Extracted data entries
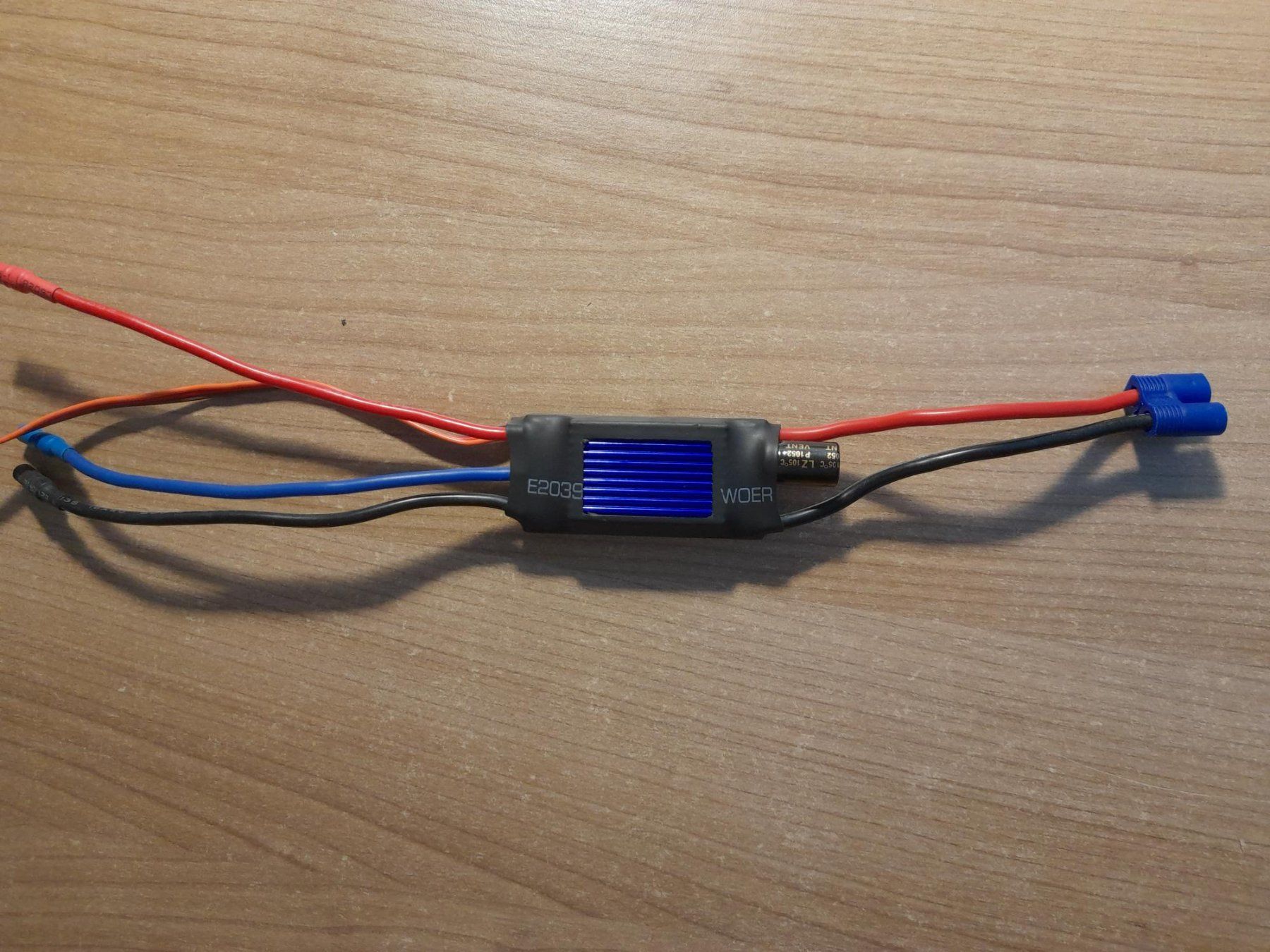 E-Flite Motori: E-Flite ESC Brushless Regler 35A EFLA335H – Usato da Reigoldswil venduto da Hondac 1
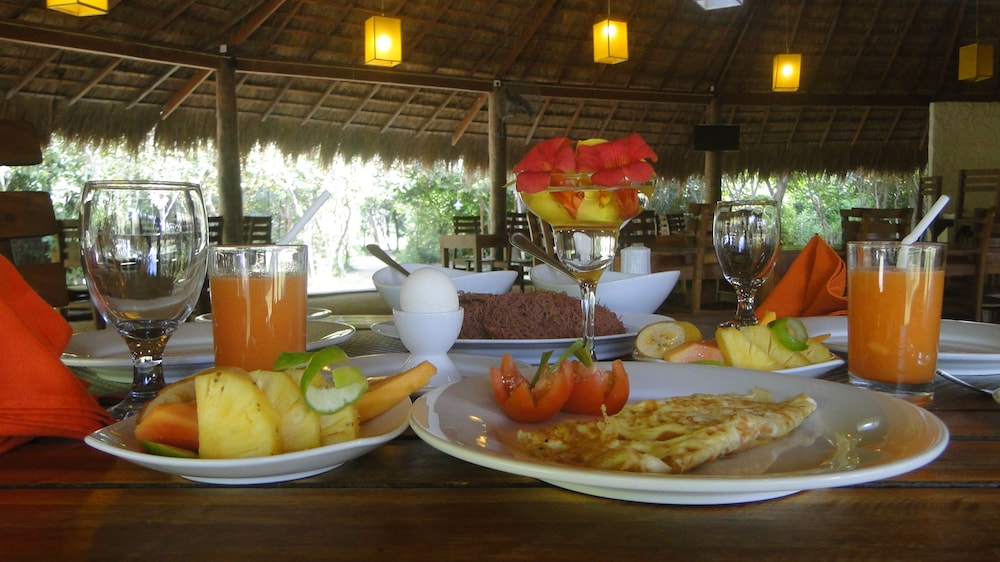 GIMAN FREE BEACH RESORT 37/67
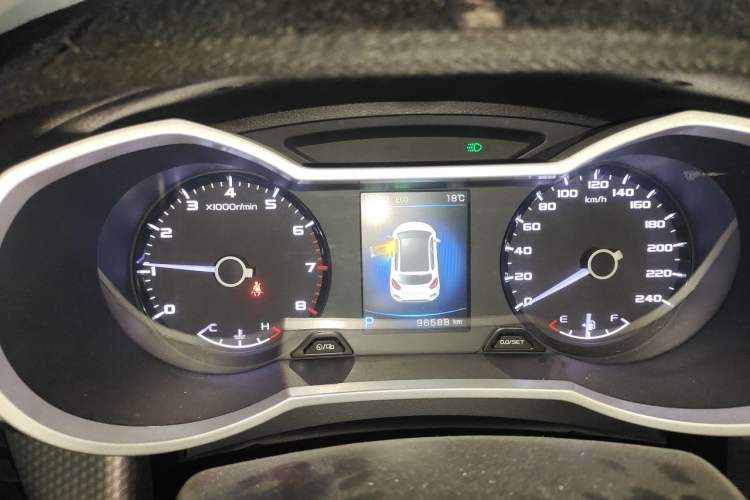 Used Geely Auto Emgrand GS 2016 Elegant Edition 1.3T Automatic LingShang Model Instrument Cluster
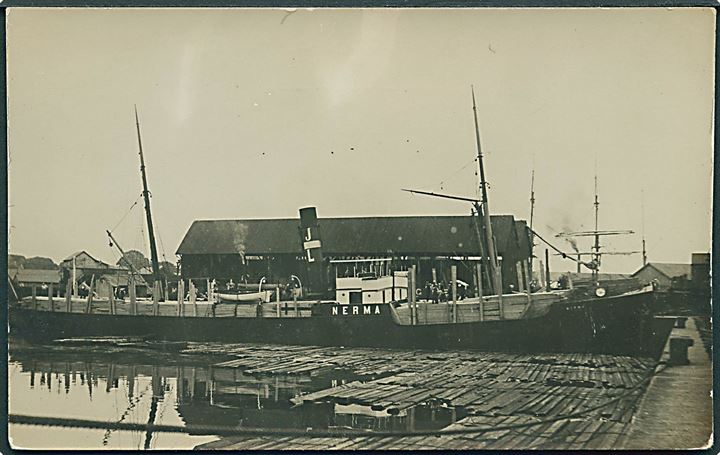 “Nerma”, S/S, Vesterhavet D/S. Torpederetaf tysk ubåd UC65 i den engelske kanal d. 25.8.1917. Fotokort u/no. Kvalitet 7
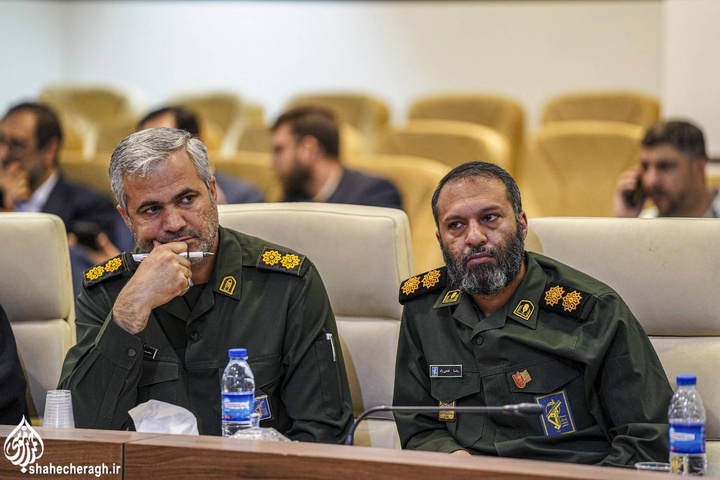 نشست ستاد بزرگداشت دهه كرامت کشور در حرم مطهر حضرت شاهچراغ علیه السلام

WHAT TO PRODUCE:
A picture-free version of all the records, repeated exactly, is what to return.

WRITTEN ANSWER:
 E-Flite Motori: E-Flite ESC Brushless Regler 35A EFLA335H – Usato da Reigoldswil venduto da Hondac 1
 GIMAN FREE BEACH RESORT 37/67
 Used Geely Auto Emgrand GS 2016 Elegant Edition 1.3T Automatic LingShang Model Instrument Cluster
 “Nerma”, S/S, Vesterhavet D/S. Torpederetaf tysk ubåd UC65 i den engelske kanal d. 25.8.1917. Fotokort u/no. Kvalitet 7
 نشست ستاد بزرگداشت دهه كرامت کشور در حرم مطهر حضرت شاهچراغ علیه السلام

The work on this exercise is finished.